Le economie di scala rappresentano un pezzo decisivo della visione di Marx. E con Marx Sebastiano si trovò ben presto costretto a fare i conti. Dove stava, per Marx, la fonte delle economie di scala? Io, che ero considerato un esperto di Marx, non l'avevo mai capito. Stava, lui ci spiegò, nella forza motrice. Un motore centrale che mette in movimento cento torni, o cento telai: sono queste le fabbriche di Marx, con i loro bracci mostruosi che trasmettono il movimento. Ma se basta inserire una spina per avere la corrente elettrica necessaria, la tecnologia è altrettanto avanzata se i cento torni, o telai, stanno tutti insieme che se stanno in posti diversi. Che poi tecnologia avanzata e bassi salari possano convivere felicemente è un risultato difficilmente spiegabile alla luce della teoria economica dominante. Era questo un punto che Sebastiano amava ricordare come prova del fatto che la sua giovanile frequentazione di Piero Sraffa e dei dibattiti sulla teoria del capitale non erano passati per lui come l'acqua sui sassi.

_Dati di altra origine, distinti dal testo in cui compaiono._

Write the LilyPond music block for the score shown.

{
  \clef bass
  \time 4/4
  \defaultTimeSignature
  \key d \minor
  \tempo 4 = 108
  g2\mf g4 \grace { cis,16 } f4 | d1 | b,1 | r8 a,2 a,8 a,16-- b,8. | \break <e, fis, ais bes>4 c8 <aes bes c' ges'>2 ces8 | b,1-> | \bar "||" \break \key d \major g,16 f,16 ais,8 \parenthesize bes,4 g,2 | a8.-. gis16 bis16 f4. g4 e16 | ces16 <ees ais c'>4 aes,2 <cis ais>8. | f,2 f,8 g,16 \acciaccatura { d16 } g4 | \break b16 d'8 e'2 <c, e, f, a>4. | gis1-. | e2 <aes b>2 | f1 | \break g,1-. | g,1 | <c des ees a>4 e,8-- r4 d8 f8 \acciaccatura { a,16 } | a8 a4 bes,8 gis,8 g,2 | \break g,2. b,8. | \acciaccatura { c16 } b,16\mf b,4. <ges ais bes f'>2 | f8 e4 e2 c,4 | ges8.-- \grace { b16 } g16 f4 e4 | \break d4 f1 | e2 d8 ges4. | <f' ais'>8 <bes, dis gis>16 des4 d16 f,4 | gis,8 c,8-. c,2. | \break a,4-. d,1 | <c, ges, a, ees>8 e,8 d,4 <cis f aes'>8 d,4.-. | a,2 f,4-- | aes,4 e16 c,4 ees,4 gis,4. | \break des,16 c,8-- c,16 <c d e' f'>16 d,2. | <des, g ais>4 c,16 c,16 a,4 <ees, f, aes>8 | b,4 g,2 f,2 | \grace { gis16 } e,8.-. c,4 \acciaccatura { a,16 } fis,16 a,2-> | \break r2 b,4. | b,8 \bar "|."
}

Nello studio delle piccole imprese (ma anche dell'agricoltura "ricca", e dei nessi fra attività agricola e attività industriale) sta il nucleo originario delle riflessioni che hanno condotto Sebastiano agli aspetti più noti della sua produzione scientifica: lo studio dei distretti industriali, dove ha trovato significativi punti d'incontro con un altro studioso, Giacomo Becattini, che oggi come me piange la perdita di un amico prezioso; e quello delle interazioni fra struttura produttiva, mercato del lavoro e forme della mediazione e del controllo sociale. Eloquente appare qui il titolo di un saggio che ha esercitato una forte influenza e che gli è valso i primi estesi riconoscimenti internazionali: Il "Modello Emilia": disintegrazione produttiva e integrazione sociale.
Ho parlato più delle cose lontane che di quelle vicine. Spero che non mi venga rimproverato. Questo è il momento della commozione e del ricordo. Per un apprezzamento completo ed equilibrato del suo lavoro scientifico ci sarà tempo in seguito.

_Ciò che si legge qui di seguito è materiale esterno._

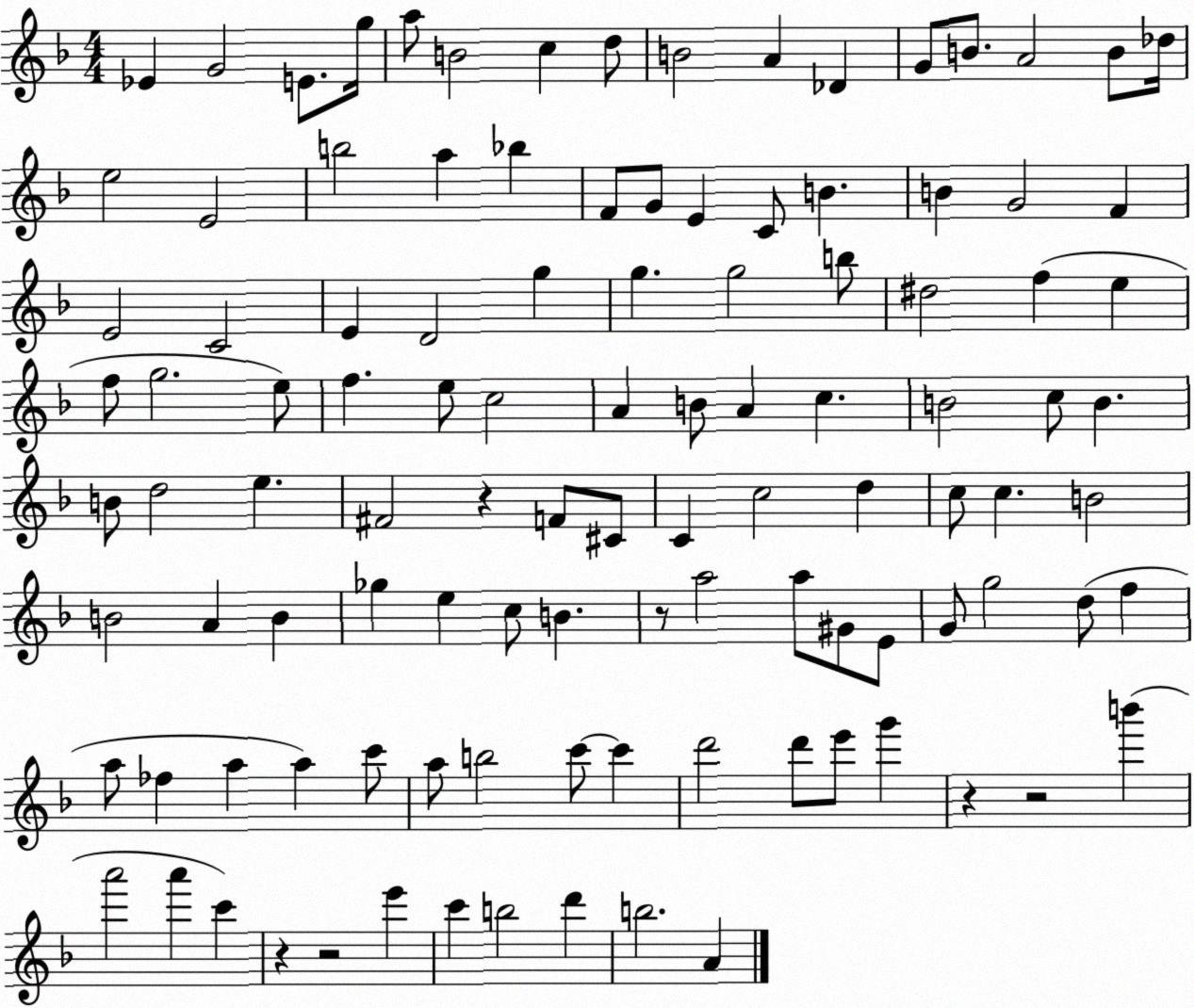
X:1
T:Untitled
M:4/4
L:1/4
K:F
_E G2 E/2 g/4 a/2 B2 c d/2 B2 A _D G/2 B/2 A2 B/2 _d/4 e2 E2 b2 a _b F/2 G/2 E C/2 B B G2 F E2 C2 E D2 g g g2 b/2 ^d2 f e f/2 g2 e/2 f e/2 c2 A B/2 A c B2 c/2 B B/2 d2 e ^F2 z F/2 ^C/2 C c2 d c/2 c B2 B2 A B _g e c/2 B z/2 a2 a/2 ^G/2 E/2 G/2 g2 d/2 f a/2 _f a a c'/2 a/2 b2 c'/2 c' d'2 d'/2 e'/2 g' z z2 b' a'2 a' c' z z2 e' c' b2 d' b2 A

Se il lettore si è incuriosito, vada a vedere, per prima cosa, le note di presentazione ai saggi raccolti nel volume Piccole imprese e distretti industriali (Rosenberg & Sellier, 1989). In tali note, cui ho liberamente attinto, l'autore non fa quel che ogni scrittore accademico farebbe: sistemare retrospettivamente la materia, colmare (o nascondere) le lacune, integrare e aggiornare i riferimenti alla letteratura. Fa una cosa diversa e del tutto inconsueta. Racconta come gli è venuta l'idea, o come gli si è presentata l'occasione, di occuparsi di un argomento; rievoca le discussioni con i colleghi e i rapporti con il sindacato; parla degli allievi che hanno collaborato con lui: tantissimi, perché era uno straordinario plasmatore di intelligenze e suscitatore di energie. Egli giustifica così questo modo di procedere: "Mi sono convinto che alla mia età - e in tempi in cui la distinzione fra pubblico e privato si fa, finalmente, meno netta e marcata - potevo consentirmi di raccontare il dove, il come, il perché e il quando di ogni pezzo, evitando di tenere un discorso rigorosamente impersonale e analitico. E mi sono accorto, nel farlo, che in questo violare le regole vi erano talvolta dei pericoli, ma anche, in più di un caso, occasioni di riflessioni e di sorriso". Dietro l'ultima parola chi lo ha conosciuto vedrà il suo sorriso, che era un sorriso speciale, appena accennato, che indugiava a lungo a mezz'aria, come trattenuto da un improvviso ritegno, o da un pensiero malinconico.


* Questo testo riprende, con alcune modifiche, l'articolo di F. Vianello in ricordo di Sebastiano Brusco pubblicato da Il manifesto il 31 gennaio 2002.